** Recorded data **
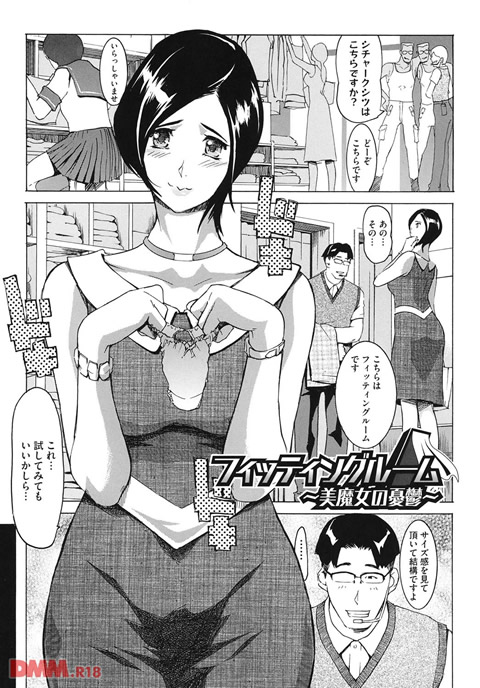 ヨメホとツマホ-0002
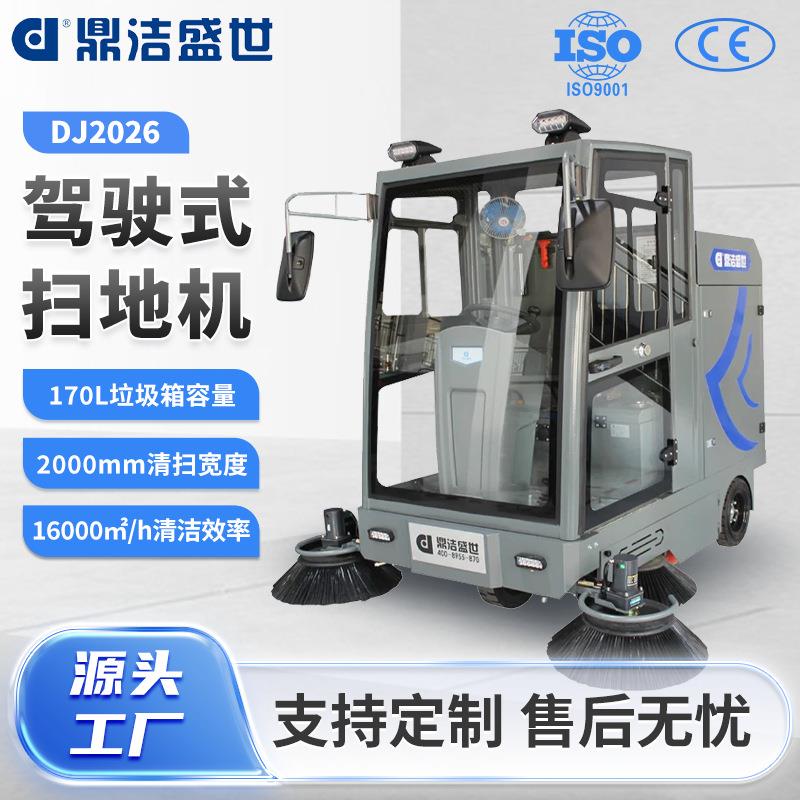 商用全封闭驾驶扫地车小区物业工厂园区道路清扫车工业车间扫地机
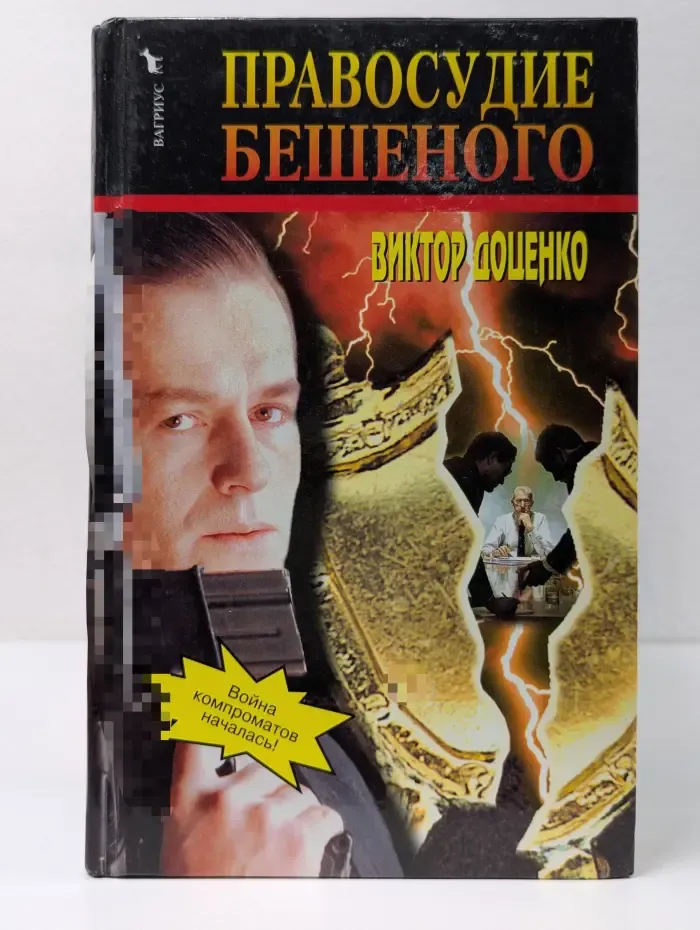 Правосудие бешеного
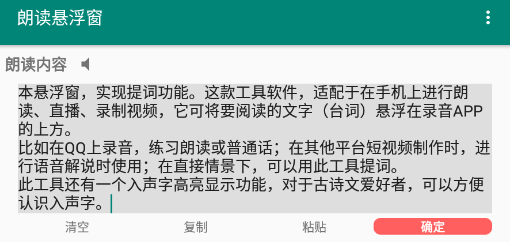 �ʶ�������app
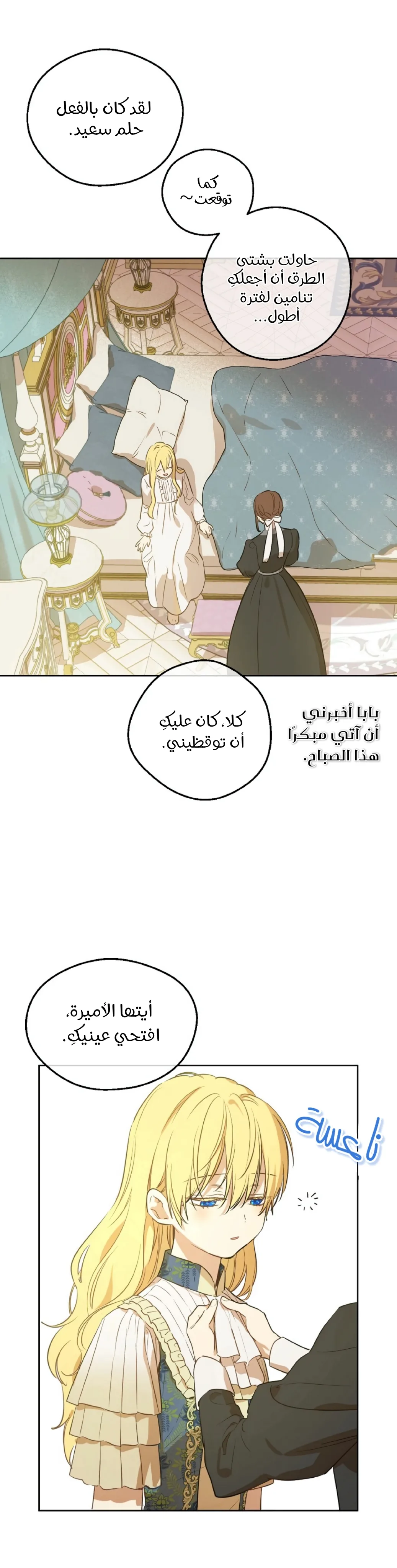 Read One Day I Became a Princess AR Manga Online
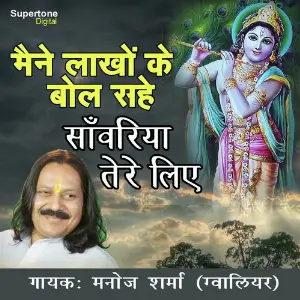 Maine Lakho Ke Bol Sahe Sanwariya Tere Liye image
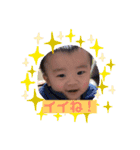 けんちゃんスタンプ⭐️（個別スタンプ：15）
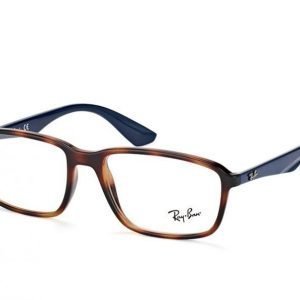 Ray-Ban RX 7084 5585 Silmälasit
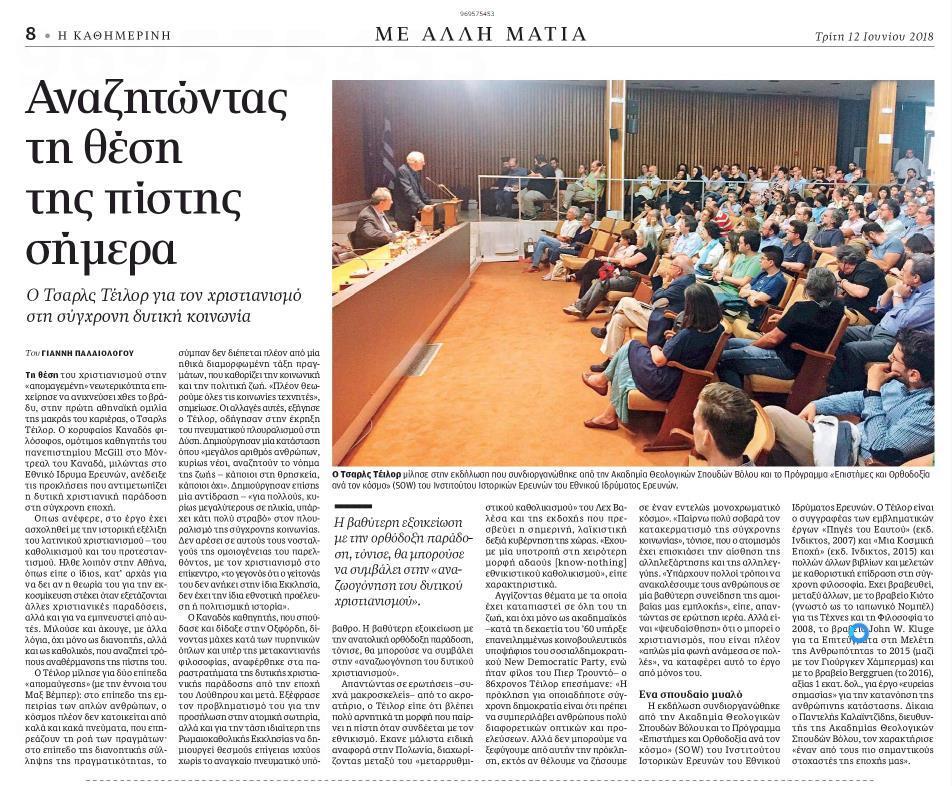 Συμμετέχουν πάνω από 50 ειδικοί επιστήμονες από 15 χώρες και από διάφορα ερευνητικά πεδία, από τις Θετικές Επιστήμες, τη Φιλοσοφία, την Ιστορία, τη Θεολογία και την Εκπαίδευση.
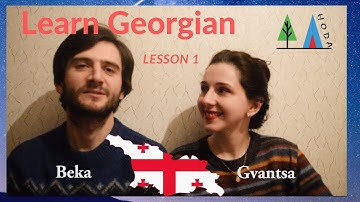 Hoda Lesson 1 - Learn Georgian Language - Introduction #learngeorgianlanguage 🇬🇪 #georgianlangauge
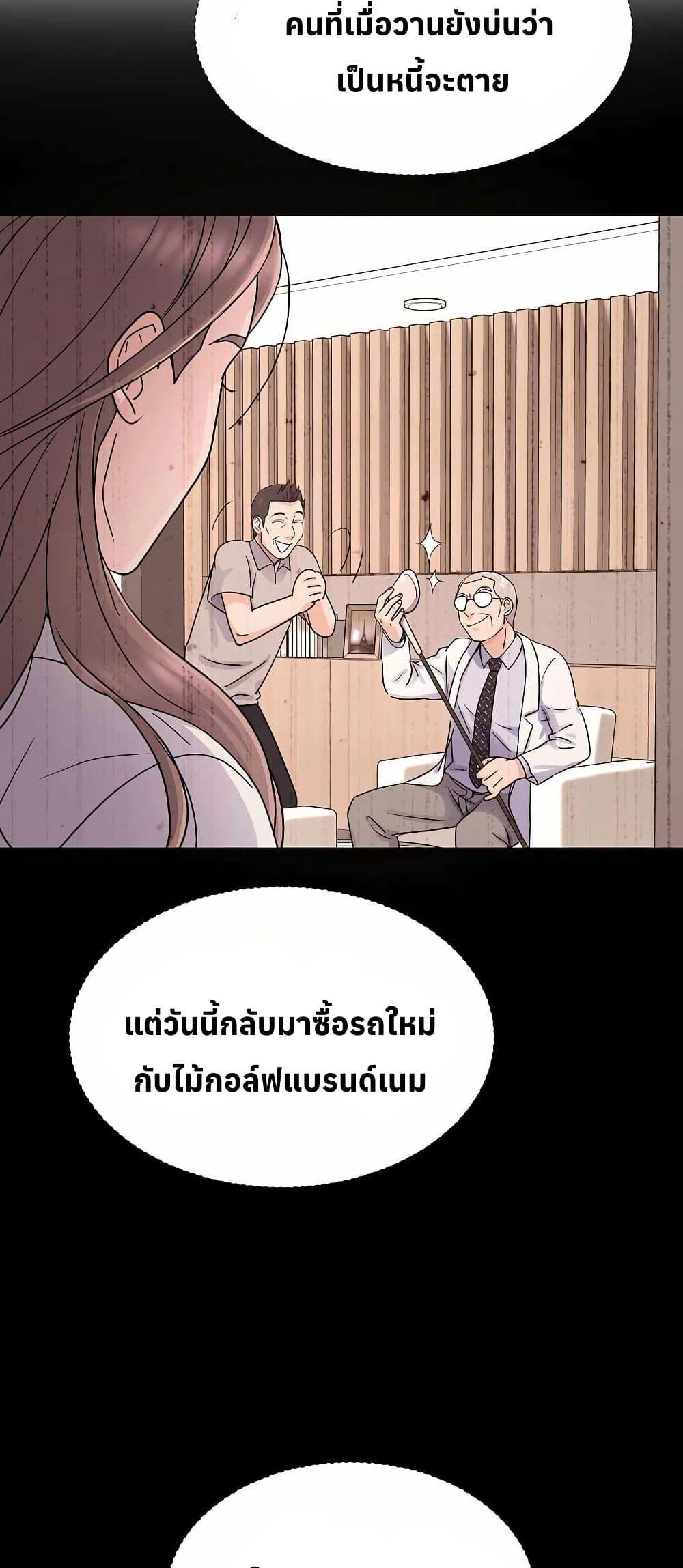 Manga-lc-com อ่านมังงะ อ่านการ์ตูน ออนไลน์ ฟรี Return of the Max-Level Doctor ตอนที่ 1 2 3 4 5 6 7 8 9 10 11 12 13 14 ฟรี ไม่มีโฆษณา Manga-lc - อ่าน มังงะ อ่าน การ์ตูน ออนไลน์ อ่านมังงะ ฟรี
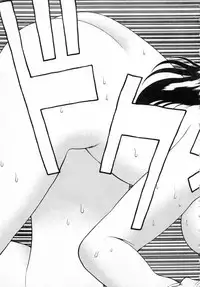 [Chataro] Seifuku no Shita wa Pururun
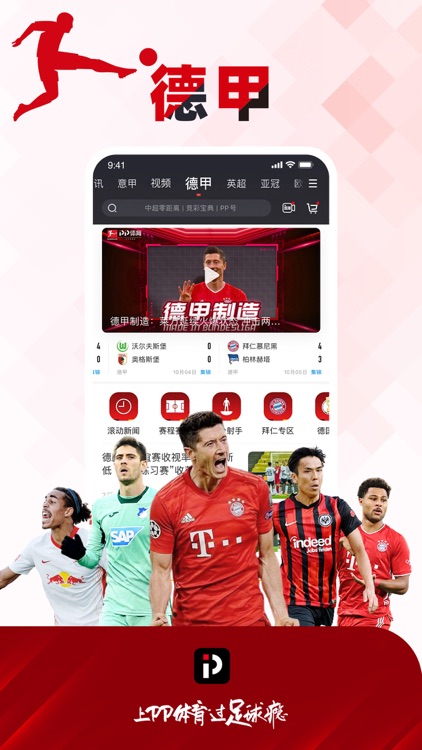 PP体育-看中超英超足球视频直播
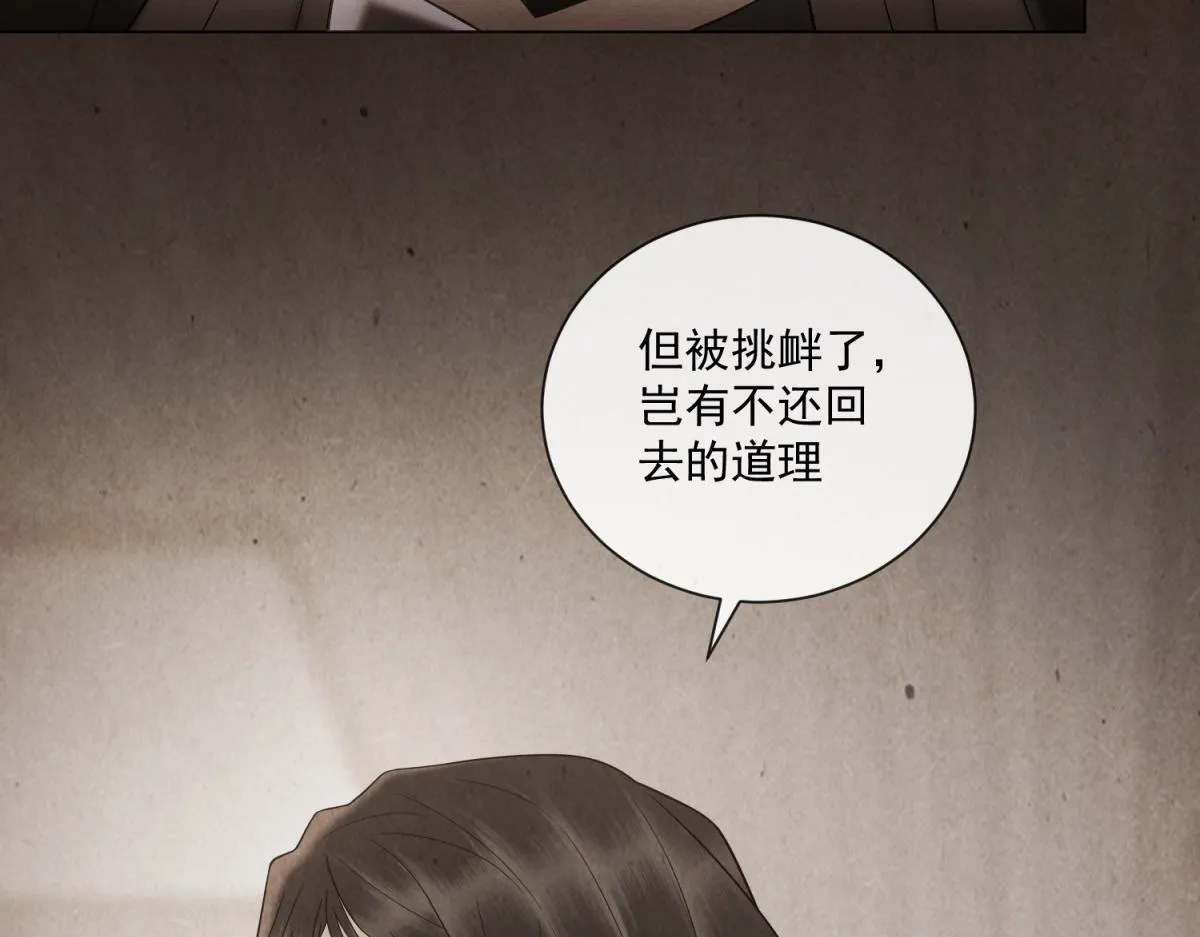 第22话 是你输了 第97页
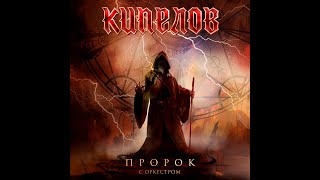 Кипелов – Пророк (live, с симфоническим оркестром)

** WHAT THE TASK ASKS **
Leave the images aside and return the records above exactly as written.

** EXPECTED ANSWER **
 ヨメホとツマホ-0002
 商用全封闭驾驶扫地车小区物业工厂园区道路清扫车工业车间扫地机
 Правосудие бешеного
 �ʶ�������app
 Read One Day I Became a Princess AR Manga Online
 Maine Lakho Ke Bol Sahe Sanwariya Tere Liye image
 けんちゃんスタンプ⭐️（個別スタンプ：15）
 Ray-Ban RX 7084 5585 Silmälasit
 Συμμετέχουν πάνω από 50 ειδικοί επιστήμονες από 15 χώρες και από διάφορα ερευνητικά πεδία, από τις Θετικές Επιστήμες, τη Φιλοσοφία, την Ιστορία, τη Θεολογία και την Εκπαίδευση.
 Hoda Lesson 1 - Learn Georgian Language - Introduction #learngeorgianlanguage 🇬🇪 #georgianlangauge
 Manga-lc-com อ่านมังงะ อ่านการ์ตูน ออนไลน์ ฟรี Return of the Max-Level Doctor ตอนที่ 1 2 3 4 5 6 7 8 9 10 11 12 13 14 ฟรี ไม่มีโฆษณา Manga-lc - อ่าน มังงะ อ่าน การ์ตูน ออนไลน์ อ่านมังงะ ฟรี
 [Chataro] Seifuku no Shita wa Pururun
 PP体育-看中超英超足球视频直播
 第22话 是你输了 第97页
 Кипелов – Пророк (live, с симфоническим оркестром)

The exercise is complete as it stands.